Larry Allen - The Global Economic Crises A Chronology

Larry Allen’s The Global Economic Crises A Chronology is book that resolves around how the growing strength of speculative forces deepend the global financial crisis that began unfolding toward the end of 2007 as written on overview. He firstly discourse Japanese Miracle, Financial Revolution and Housing Market because we need know the reasons behind the ecomomic crises before talking about the global banking and financial crises. Outstandig issues can be summarized in these chapters; In Japan, there was some restrictions until early 1970’s; Plaza Accord Agreement about depreciation of the dollar for all that Japan took steps to protect its growing economy from a weaker dollar; since house is non-tradable good, the price of houses is free to move up according to George’s theory of business cycles; higher correlation between money supply growth and house price; the full width and depth of the movement toward financial deregulation and innovation so these factors led to national economies less able to intelligently and resiliently assimilate external shock.

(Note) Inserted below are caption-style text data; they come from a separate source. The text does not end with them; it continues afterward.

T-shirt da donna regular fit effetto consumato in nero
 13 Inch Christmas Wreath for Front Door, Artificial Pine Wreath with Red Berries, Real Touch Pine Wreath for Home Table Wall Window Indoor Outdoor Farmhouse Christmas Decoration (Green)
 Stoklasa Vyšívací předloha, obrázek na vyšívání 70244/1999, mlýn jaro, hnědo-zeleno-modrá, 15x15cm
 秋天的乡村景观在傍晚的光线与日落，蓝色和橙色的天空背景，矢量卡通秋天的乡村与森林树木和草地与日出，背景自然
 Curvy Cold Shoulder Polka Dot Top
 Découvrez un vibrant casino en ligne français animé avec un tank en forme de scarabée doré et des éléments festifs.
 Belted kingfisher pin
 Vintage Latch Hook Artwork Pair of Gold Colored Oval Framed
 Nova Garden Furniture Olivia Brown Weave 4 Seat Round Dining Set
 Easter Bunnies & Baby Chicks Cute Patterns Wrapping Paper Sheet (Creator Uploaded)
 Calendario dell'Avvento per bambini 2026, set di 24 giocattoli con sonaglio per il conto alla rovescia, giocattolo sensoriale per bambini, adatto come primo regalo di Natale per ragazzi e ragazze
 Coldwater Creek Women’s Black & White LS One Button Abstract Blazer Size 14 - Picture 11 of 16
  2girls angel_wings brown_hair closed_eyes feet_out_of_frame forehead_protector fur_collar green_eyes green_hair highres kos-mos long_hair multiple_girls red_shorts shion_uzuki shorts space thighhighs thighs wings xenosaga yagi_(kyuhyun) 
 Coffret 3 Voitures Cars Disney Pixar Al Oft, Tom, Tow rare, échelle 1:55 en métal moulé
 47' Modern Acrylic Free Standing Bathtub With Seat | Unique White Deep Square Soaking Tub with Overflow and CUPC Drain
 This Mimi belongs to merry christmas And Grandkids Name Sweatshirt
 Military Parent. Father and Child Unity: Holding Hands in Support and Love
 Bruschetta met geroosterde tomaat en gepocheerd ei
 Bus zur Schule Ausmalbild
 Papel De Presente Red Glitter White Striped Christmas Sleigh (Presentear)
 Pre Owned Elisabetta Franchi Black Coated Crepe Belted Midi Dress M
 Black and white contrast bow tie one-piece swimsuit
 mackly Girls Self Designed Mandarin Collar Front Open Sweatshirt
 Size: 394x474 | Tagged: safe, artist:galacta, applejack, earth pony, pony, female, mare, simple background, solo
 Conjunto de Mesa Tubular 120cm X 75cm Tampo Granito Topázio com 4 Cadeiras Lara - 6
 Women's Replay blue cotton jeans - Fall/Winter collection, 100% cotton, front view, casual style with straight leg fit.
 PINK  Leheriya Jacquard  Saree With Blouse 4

When we bring all these pieces together, we can better understand the causes of the economic crisis.
I think the most crucial chapter of this book is Global Banking and Financial Crises as we can understand from the name and purpose of the book. We easily see how savers and investors embraced higher risk levels to preserve rates of return in the face of falling interest rates. Then investors found some financial intermediaries such as “Hedge Funds” which are more riskier than other investments and sufficiently private in ownership and partnership to enjoy exemption from most goverment regulations. Structured investment vehicle were often called “conduits” and become what was collectively called the “shadow banking system”. As Bill Gross, founder of Pimco, said “this banking system has lain hidden for years, untouched by regulation, yet free to magically and mystically crate and the package subprime loans into a host of three latter conduits that only Wall Street wizardly could explain.” The main problem of economic crises in 2008 was rising price in house market. As I said above, from 2001 to 2004 very short term interest rates were too low and because of that situation investors was turning to invest in houses with mortgage backed securities. The advantage of investment in house market had leaded supply of loan to subprime layers increased. The problem began with default in these loans. Banks siezed the houses which were shown as collateral by subprime layers. The increasing number of houses seized is bring about that the supply of houses increased. In the same environment, nobody wanted to give credit to subprime layers so the demand of houses decreased. Both decreasing in demand and increasing in supply engendered the falling price of houses correspondingly the assets of banks sharply decrased. As a result banks entered into a liquidity squeeze, confidence in financial markets diminished and the crisis erupted.
I think by applying expansionary monetary policy to keep interest rates low between the years 2001-2004 and by increasing interest rates after 2004 when the credit expansion is intense, there was some wrong policies followed by FED. In addition to these wrong policies -to my way of thinking- , since the second half of 2007 primarily Fed and other central banks such as Europe, Canada, Japan have injected massive amounts of liquidity into the market to overcome the liquidity shortage. This move was necessary but it was not a remedy to solve the crises because money injection could not bring a solution to the problems in housing market which lies at the root of the crises and could not replace the capital of financial institutions which was melting in the process. Surely the another important precaution could be get to grips with problem of default risk. Restructuring of loans and forestalling to usurp houses could be targeted. In this way downward pressure force of house’s price could be diminished. But it was pell mell structure. So perhaps I’d mentioned above could not be done.